Galaxy clusters are filled with super-hot plasma, known as intracluster medium, that sends out a lot of X-rays. But astronomical observations show that a significant number of clusters also have large amounts of cold gas within their cores. These “cool-core clusters” feature wispy filaments of gas that can extend tens of thousands of light years from their center. Some could be “stellar nurseries” — birthplaces of stars. The article theorizes the causes of those filaments, which have captured the attention and imagination of astrophysicists, are supermassive black holes hidden within those clusters.
The primary author of the paper “The Formation of Dusty Cold Gas Filaments from Galaxy Cluster Simulations” is Qiu, now a postdoctoral fellow at the Kavli Institute for Astronomy and Astrophysics in Beijing.

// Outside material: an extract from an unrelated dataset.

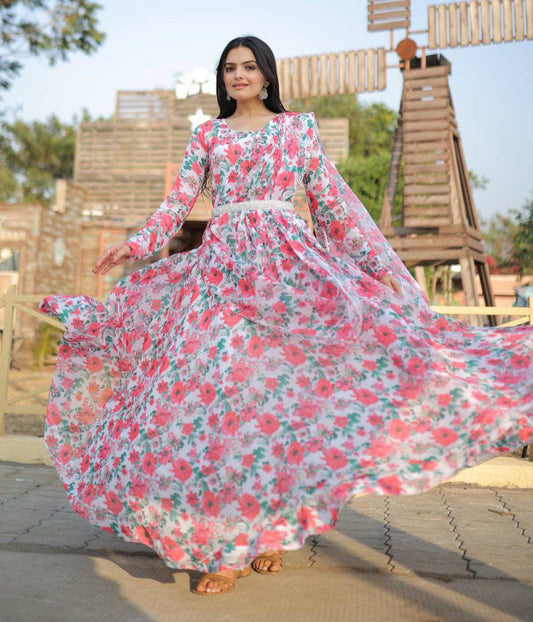 Pink Floral Digital Printed Faux Georgette Gown With Dupatta - INDIAN ELEGANCE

Qiu started the research while a Georgia Tech graduate student working with Bogdanovic, an associate professor in the School of Physics and the Center for Relativistic Astrophysics. Qiu received his Ph.D. in physics from Georgia Tech in 2019.

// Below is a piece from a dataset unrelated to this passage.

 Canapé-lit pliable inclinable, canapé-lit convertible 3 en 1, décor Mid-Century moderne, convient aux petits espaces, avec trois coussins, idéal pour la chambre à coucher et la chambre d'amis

Bogdanović says the article addresses the “cooling flow problem” in galaxy clusters and is also related to the co-evolution of supermassive black holes within them. “For almost 30 years now, it has been argued on the basis of data from imaging X-ray telescopes that the intracluster medium (ICM) in the core regions of some clusters is radiatively cooling on time scales shorter than the age of these clusters,” Bogdanović says. But there’s been no evidence of complete cooling of that gas within those clusters. “The resolution of this contradiction has been sought in different heating mechanisms that could prevent the catastrophic cooling of the ICM.”
Qiu’s research focused on the Perseus cluster, one of the largest galaxy clusters, located nearly 250 million light years from Earth. Are the gas filaments extending from the cluster capable of birthing stars, much like the Pillars of Creation dust and gas clouds, famously captured by the Hubble Space Telescope?
“They are very similar in the sense that both consist primarily of cold gas, less than several thousand Kelvin, and when cold gas gathers in clumps, it can lead to the formation of new stars,” Qiu says. “However, the cold gas filaments observed in galaxy clusters, such as the Perseus cluster modeled in this work, expand more than 100,000 light years beyond the nucleus, and are larger than the host galaxy.”
“Unlike the Pillars of Creation, which is likely created by an expanding bubble irradiated by a massive star, the vast scale and the prevailing radial structure of these filaments indicate that they are driven by a much more energetic source, which we think is the central supermassive black hole.” The research examines the process for how black holes could help create those filaments.
That involves a closer look at what Qiu discovered to be an important part of the process: active galactic nucleus (AGN) feedback. AGNs are active regions in the centers of galaxies, and they throw off a lot of light and gas.
“It has been widely acknowledged that AGNs are associated with growing supermassive black holes,” Qiu says. As a black hole attracts matter from the surrounding material due to its gravity, that matter forms an accretion disk near the black hole. It can convert part of that energy into radiation and gas outflow.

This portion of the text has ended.